▸ Task statement: Below are the entries. Print only the lines starting at the one with "birth defects photo" and ending at the one with "DJ858B16.2 / PISD", exactly, with no pictures.

▸ Data to examine:
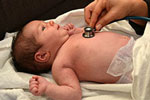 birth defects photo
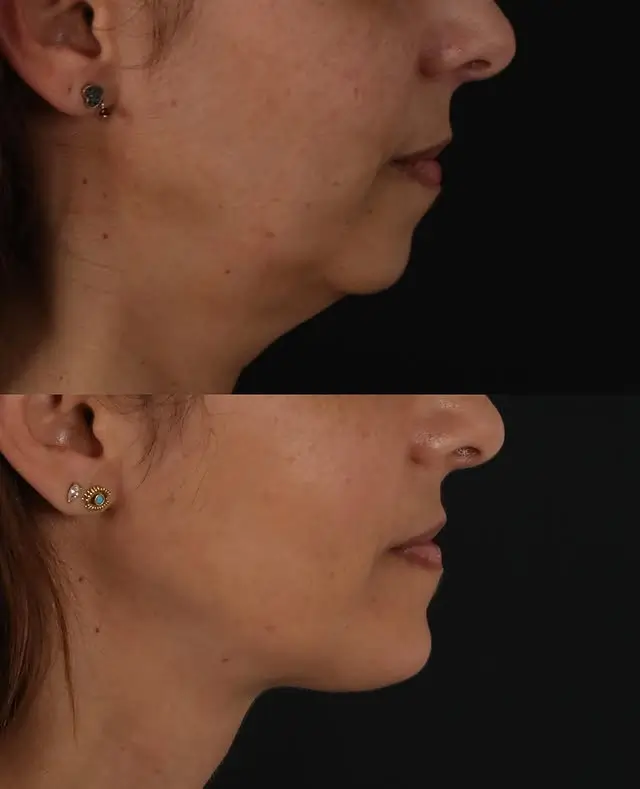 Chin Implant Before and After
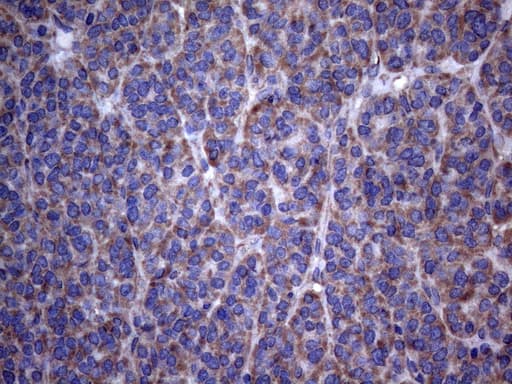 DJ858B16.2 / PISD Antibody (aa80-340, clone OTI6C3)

* * *

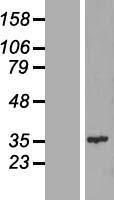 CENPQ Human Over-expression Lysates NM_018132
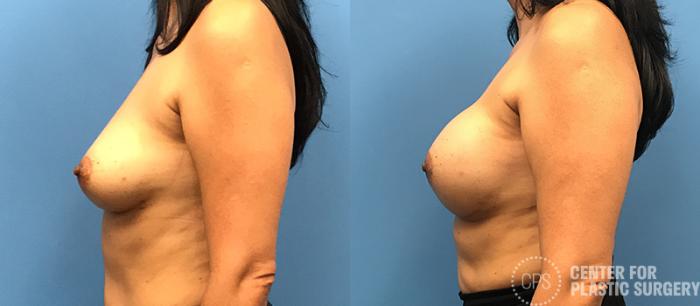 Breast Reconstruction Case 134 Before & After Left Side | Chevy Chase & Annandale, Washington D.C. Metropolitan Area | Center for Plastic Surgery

▸ Response to the task:
 birth defects photo
 Chin Implant Before and After
 DJ858B16.2 / PISD Antibody (aa80-340, clone OTI6C3)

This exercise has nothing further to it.